Lawrence Tarrant, known as Larry, was forever thankful to a young female doctor in England for saving his arm during the First World War. He was left with a permanent crook at the elbow where four inches of bone had been destroyed and an inverted hand missing the index finger. Of critical importance was that the skillful repair allowed him sufficient mobility in the arm to later hold down a job and raise a family.
Larry, the grandfather my son never knew, signed up for service on March 25th, 1916 in Magog, Quebec and was assigned to the 117th Battalion of Canada’s Expeditionary Force. He was a teenage boy of eighteen. Lance Corporal Larry arrived in England in August of 1916 but once there requested to be reverted to the rank of private. He knew this move would enable him to proceed immediately to France with the 24th Battalion His brother Lloyd had been killed at Mount Sorrel two months earlier. It would seem that Larry was determined to “get them” who had killed him.
On August 28, 1918, Larry was injured at the Battle of Arras. Canada’s 2nd and 3rd Divisions had been led into this battle by the British General Sir Arthur Currie. Currie’s questionable strategy was to launch successive frontal attacks on the German trenches in order to exhaust the enemy. Although very successful, the cost to Canadian soldiers was huge. Arras was the start of “Canada’s Hundred Days”, the series of offensives led by Canadians that culminated in the Allied final victory at Mons in November. At Arras, however, Larry was shot in the head, legs, and left arm, and was evacuated to England. Although badly wounded, he was actually one of the lucky ones. The total loss to the Canadian Corps during the Hundred Days was eleven thousand men.
In England, Larry was sent to Endell Street Military Hospital in London, another stroke of luck as it was one of the most remarkable hospitals of the war.

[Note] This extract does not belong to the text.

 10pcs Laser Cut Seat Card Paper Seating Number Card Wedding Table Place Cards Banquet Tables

Entirely staffed by women and the only women’s unit operated by militant suffragists, it was known not only for the skill of its surgeons but for its highly distinctive nurturing care. The staff concentrated on the psychological as well as the physical needs of their patients. Larry claimed that his doctor never gave up on saving his arm but it is just as likely that his doctor never allowed him to give up on himself.

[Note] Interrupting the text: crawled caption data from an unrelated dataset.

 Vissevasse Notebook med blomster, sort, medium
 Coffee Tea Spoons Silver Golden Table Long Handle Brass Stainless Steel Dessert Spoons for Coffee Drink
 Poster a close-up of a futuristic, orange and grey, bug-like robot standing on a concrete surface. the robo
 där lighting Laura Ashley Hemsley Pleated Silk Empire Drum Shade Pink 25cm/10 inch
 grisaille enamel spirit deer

Larry spent almost two years in England recovering from his wounds, first at Endell and then in Epsom, Surrey. His recovery was compromised by influenza so severe that he was hospitalized for weeks in yet another hospital at Hardelot. In August of 1919 he returned to Canada and a military hospital in Toronto. He was ultimately discharged from the army in 1920 as medically unfit for further service He was only twenty-two years old, hardly yet a man but with four years of hell behind him.

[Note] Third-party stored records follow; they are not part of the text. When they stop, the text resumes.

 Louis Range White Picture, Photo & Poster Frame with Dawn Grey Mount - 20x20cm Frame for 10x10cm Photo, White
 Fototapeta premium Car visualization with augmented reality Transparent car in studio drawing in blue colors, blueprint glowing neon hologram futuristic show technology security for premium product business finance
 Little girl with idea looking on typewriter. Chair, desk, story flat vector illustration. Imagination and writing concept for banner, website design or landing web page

On his return to civilian life Larry found work as a machinist at a paper mill in LaTuque, Quebec where he spent his entire career. He married Flora Tremblay in 1939 and fathered three sons and a daughter. He died in 1962 of a blood clot following routine gall bladder surgery. He was sixty –four. His eldest child, Lloyd, my son’s father, was nineteen. Today my son carries his grandfather’s name: Stephen Lawrence Tarrant.
Larry with wife Flora, two of his three sons (Lloyd and Gerry), his daughter Linda, and a the daughter of a cousin (Susan). His third son (Gordon) was born later.